Assignment:
Set down, word for word, the stretch of lines from the one containing "Kemba Walker Charlotte" to the end of the records below.

Data shown:
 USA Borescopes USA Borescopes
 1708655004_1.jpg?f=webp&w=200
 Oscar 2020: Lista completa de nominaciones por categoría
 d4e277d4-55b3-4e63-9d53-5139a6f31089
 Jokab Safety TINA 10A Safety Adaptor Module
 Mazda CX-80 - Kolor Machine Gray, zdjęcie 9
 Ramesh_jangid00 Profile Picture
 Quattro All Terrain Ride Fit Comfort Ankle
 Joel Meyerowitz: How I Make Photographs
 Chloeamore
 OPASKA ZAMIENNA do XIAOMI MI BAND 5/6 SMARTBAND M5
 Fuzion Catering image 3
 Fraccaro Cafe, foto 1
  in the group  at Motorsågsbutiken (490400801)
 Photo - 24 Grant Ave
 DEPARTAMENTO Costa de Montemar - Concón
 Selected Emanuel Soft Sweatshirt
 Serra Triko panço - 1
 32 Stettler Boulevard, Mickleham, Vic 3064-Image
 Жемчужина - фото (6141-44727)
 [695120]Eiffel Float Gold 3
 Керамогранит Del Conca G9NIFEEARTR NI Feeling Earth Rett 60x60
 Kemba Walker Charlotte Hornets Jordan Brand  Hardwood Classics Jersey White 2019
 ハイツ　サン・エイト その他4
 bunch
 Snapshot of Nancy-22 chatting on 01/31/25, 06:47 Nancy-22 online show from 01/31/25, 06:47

Final answer:
 Kemba Walker Charlotte Hornets Jordan Brand  Hardwood Classics Jersey White 2019
 ハイツ　サン・エイト その他4
 bunch
 Snapshot of Nancy-22 chatting on 01/31/25, 06:47 Nancy-22 online show from 01/31/25, 06:47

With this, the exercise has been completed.